As I lay my head on the pillow and wish for the haunting feelings inside of my head to stop I try and concentrate on the images that I took in here in our home over the weekend. My heart is grateful to have had this time at home with our children to do the ordinary, nothing special, kind of things. Ashley Kate continues to be ill and the longer it lingers the more my head and I'm afraid my heart begins to worry about her and where we will be spending this spring. The tears well up in my eyes as I watch her through the night and a lump forms in my throat because I so desperately want for this precious child of ours to feel good for a change. I don't want to write about those thoughts. I don't want to share them because I know how tired everyone is of the hard times and I want to share the good with you, not the bad. Please know that I am trying so desperately to keep writing, to keep positive, to keep going. Its been a struggle lately, but I'm still here and I am trying.
Some of my favorite images of this weekend were of the not so special moments that make my life so incredible. The image of my teenage son snuggled under a blanket and talking his mom and dad's ear off late into the night. Far past his and our bedtime, but far to precious to get up and retire for the night. As he rambled on and on I couldn't help but stare into his face. No longer any signs of that little boy who used to pile onto my lap each day as we awaited the arrival of his "Allie girl" and snuggled in close for his afternoon nap. That little boy has grown into a young man who I couldn't love more if I tried and who I couldn't possibly imagine being any more proud of than I already am. I could have listened to him talk all night, but eventually the 3 of us did climb into our beds and I lay there determined to never forget the way it feels to be one of his friends. What an honor it is to know that he considers us more than just his parents. I love him so, so much.
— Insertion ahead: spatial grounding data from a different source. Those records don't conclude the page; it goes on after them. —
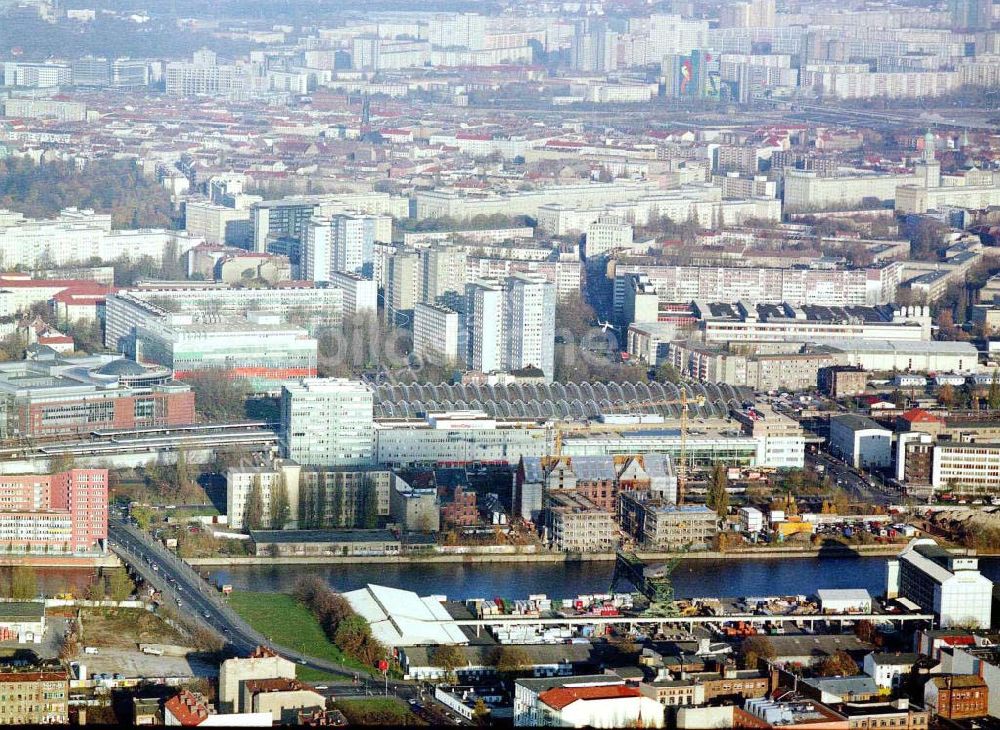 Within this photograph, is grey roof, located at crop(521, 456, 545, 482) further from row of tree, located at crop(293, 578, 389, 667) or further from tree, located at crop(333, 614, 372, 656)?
tree, located at crop(333, 614, 372, 656)

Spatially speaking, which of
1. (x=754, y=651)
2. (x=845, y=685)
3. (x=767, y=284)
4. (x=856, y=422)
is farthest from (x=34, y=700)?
(x=767, y=284)

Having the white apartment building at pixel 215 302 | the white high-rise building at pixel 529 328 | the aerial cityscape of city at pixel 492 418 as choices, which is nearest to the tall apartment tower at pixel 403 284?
the aerial cityscape of city at pixel 492 418

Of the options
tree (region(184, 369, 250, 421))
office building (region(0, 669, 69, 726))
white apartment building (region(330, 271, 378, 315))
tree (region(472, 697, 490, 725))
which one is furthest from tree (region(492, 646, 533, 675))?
white apartment building (region(330, 271, 378, 315))

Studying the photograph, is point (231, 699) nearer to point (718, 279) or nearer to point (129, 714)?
point (129, 714)

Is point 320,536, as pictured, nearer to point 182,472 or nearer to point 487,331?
point 182,472

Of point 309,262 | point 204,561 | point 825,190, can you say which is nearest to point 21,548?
point 204,561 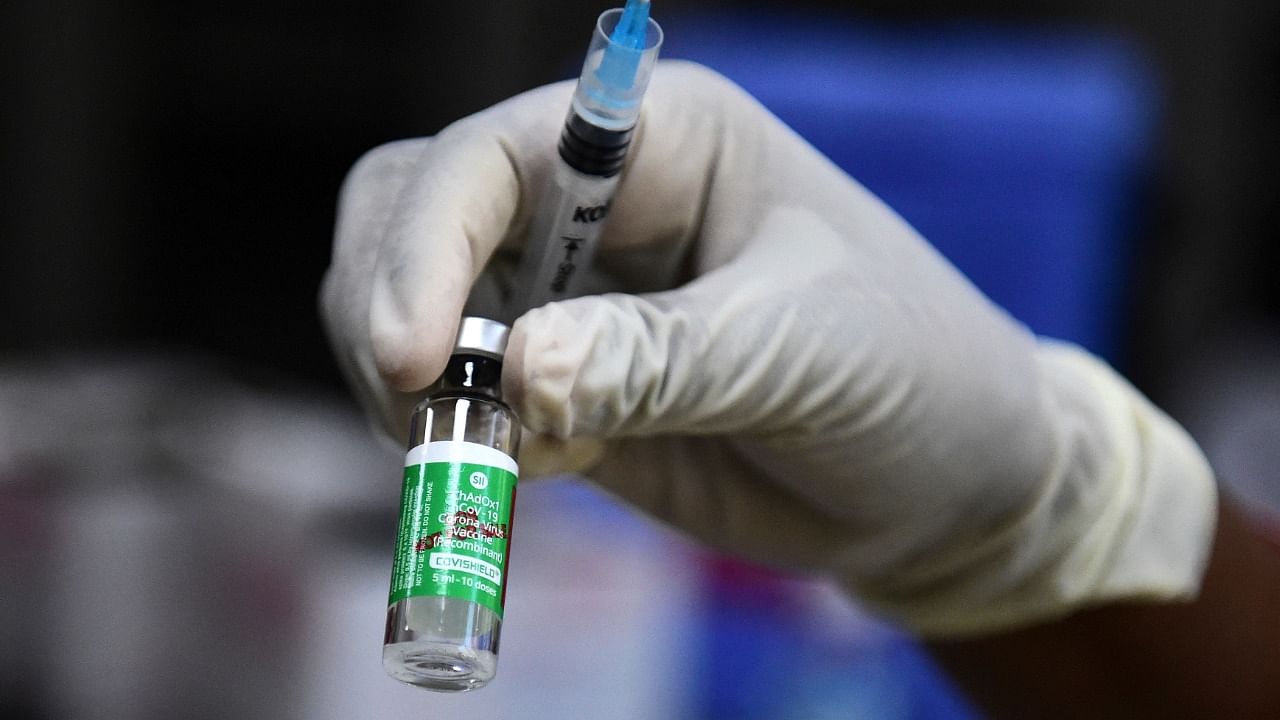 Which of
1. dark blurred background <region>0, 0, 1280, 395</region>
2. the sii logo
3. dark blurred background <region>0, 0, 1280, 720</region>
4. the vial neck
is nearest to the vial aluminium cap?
the vial neck

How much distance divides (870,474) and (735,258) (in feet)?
0.57

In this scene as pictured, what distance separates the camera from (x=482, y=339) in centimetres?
74

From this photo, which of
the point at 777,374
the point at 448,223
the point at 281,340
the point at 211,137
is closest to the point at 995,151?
the point at 777,374

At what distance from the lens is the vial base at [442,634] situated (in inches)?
25.8

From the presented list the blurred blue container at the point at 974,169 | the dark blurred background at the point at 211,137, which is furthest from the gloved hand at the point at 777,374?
the dark blurred background at the point at 211,137

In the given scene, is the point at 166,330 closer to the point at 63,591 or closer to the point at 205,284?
the point at 205,284

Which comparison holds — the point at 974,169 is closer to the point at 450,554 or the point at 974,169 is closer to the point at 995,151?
the point at 995,151

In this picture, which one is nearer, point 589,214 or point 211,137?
point 589,214

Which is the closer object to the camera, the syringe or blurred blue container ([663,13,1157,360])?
the syringe

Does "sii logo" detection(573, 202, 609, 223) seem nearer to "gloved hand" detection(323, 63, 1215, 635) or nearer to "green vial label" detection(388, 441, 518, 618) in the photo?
"gloved hand" detection(323, 63, 1215, 635)

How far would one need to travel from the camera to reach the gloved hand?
781 mm

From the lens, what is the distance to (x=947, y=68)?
1.69 metres

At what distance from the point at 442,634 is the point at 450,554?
0.04m

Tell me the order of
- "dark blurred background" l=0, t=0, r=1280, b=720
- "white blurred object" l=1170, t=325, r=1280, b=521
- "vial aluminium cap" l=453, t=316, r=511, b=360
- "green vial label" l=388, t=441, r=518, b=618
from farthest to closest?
"white blurred object" l=1170, t=325, r=1280, b=521
"dark blurred background" l=0, t=0, r=1280, b=720
"vial aluminium cap" l=453, t=316, r=511, b=360
"green vial label" l=388, t=441, r=518, b=618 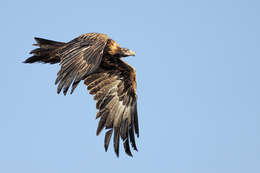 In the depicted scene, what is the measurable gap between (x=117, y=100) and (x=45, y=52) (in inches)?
105

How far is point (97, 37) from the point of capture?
42.0ft

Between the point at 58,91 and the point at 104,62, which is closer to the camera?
the point at 58,91

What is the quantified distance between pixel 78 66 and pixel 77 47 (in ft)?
2.35

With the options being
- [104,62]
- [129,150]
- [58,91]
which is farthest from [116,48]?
[58,91]

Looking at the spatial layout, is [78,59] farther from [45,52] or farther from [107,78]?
[107,78]

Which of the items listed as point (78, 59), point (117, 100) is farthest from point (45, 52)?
point (117, 100)

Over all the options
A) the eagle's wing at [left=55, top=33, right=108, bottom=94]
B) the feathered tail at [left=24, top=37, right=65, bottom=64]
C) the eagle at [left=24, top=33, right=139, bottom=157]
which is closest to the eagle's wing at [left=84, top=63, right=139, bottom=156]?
the eagle at [left=24, top=33, right=139, bottom=157]

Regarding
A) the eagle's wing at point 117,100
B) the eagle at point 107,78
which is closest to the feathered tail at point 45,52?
the eagle at point 107,78

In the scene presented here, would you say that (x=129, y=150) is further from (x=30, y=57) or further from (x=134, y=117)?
(x=30, y=57)

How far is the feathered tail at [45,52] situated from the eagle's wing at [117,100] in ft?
5.11

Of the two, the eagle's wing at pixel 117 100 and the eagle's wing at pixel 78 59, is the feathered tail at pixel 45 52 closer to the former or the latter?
the eagle's wing at pixel 78 59

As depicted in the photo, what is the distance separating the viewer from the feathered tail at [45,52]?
13453 millimetres

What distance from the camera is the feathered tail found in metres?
13.5

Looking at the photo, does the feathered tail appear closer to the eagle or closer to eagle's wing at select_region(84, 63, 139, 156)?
the eagle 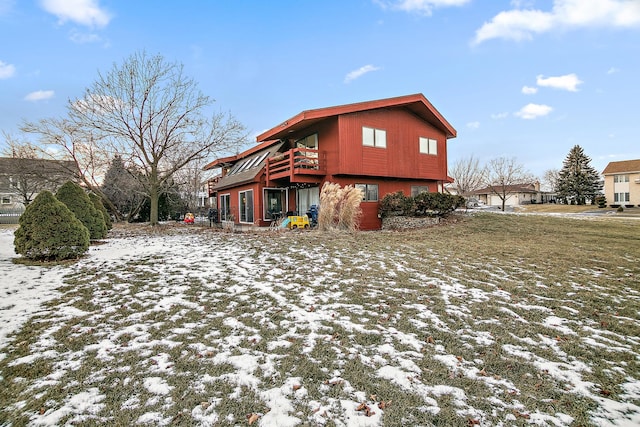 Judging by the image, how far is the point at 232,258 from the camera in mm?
6887

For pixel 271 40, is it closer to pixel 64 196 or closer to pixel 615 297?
pixel 64 196

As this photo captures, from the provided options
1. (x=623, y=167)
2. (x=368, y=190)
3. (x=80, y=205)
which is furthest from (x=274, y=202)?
(x=623, y=167)

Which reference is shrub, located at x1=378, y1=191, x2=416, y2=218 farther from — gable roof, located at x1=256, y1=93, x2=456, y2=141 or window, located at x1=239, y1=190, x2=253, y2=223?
window, located at x1=239, y1=190, x2=253, y2=223

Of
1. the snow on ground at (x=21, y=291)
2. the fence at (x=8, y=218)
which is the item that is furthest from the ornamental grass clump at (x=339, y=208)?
the fence at (x=8, y=218)

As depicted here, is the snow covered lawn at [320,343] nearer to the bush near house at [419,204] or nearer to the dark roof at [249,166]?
the bush near house at [419,204]

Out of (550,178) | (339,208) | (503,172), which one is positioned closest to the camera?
(339,208)

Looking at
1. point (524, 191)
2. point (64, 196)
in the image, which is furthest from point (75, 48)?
point (524, 191)

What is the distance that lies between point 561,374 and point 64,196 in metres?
11.4

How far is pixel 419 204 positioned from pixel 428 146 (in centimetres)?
470

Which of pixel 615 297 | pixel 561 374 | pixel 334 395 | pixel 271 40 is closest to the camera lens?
pixel 334 395

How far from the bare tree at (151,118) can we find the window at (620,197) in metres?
36.6

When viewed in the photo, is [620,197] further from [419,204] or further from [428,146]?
[419,204]

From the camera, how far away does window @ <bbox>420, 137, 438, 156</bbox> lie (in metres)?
16.1

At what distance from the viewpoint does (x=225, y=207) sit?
66.8 ft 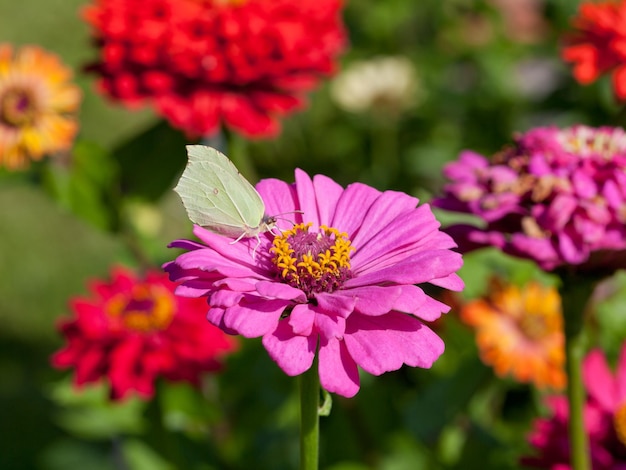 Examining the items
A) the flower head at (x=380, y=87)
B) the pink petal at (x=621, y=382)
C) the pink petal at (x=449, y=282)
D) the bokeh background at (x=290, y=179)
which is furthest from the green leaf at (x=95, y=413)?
the flower head at (x=380, y=87)

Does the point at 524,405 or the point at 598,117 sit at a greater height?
the point at 598,117

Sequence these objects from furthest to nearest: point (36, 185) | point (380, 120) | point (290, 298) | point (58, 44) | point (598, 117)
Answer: point (58, 44)
point (380, 120)
point (598, 117)
point (36, 185)
point (290, 298)

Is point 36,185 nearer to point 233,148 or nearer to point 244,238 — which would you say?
point 233,148

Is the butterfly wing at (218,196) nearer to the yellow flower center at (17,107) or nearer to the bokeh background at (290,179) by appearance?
the bokeh background at (290,179)

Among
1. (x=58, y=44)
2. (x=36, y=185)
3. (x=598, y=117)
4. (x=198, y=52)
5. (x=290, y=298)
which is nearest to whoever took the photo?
(x=290, y=298)

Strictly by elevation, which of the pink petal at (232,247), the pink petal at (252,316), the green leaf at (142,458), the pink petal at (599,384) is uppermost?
the pink petal at (232,247)

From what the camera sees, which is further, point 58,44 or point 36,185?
point 58,44

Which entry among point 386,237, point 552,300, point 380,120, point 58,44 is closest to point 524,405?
point 552,300

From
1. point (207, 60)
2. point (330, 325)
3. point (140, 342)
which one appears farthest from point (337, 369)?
point (207, 60)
Then there is our Allison. Beautiful Allison Brooke who has spent her weekend trying to convince us that she is old enough to have those tiny ears of hers pierced. She'll be turning 11 years old next weekend and she's been begging since she was 6 to have it done. There's just something about poking holes in her body that I thought she needed to be old enough for. I don't know. Call me crazy or even un cool, but I wanted it to be something she looked forward to, something special, a milestone or something. Little does she know that come Friday afternoon as I pick her up from school she has an afternoon full of surprises coming her way. I couldn't help but turn my head away from her to hide the smile that crossed my face during each and every plea she's been making this weekend. She has no idea we have finally decided that this is the year. I can't wait to hand her that tiny jewelry box and see the look on her face as she opens up the pair we have chosen for her 11 birthday. Friday evening she will finally be wearing a pair of real earrings. I can still see that little girl prancing around the kitchen floor in my high heels with rings on every finger and rows of beads around her neck and plastic clip ons dangling from her ears as she announced that she was moving to Canada. Of all places! I have no idea where she dreamed that up, but I'll never forget it. Purse thrown over her shoulder and baby in her arms they were on there way and she would see me at lunch time. I still giggle at the thought of it. She was barely 3 that day and just as beautiful as she is today.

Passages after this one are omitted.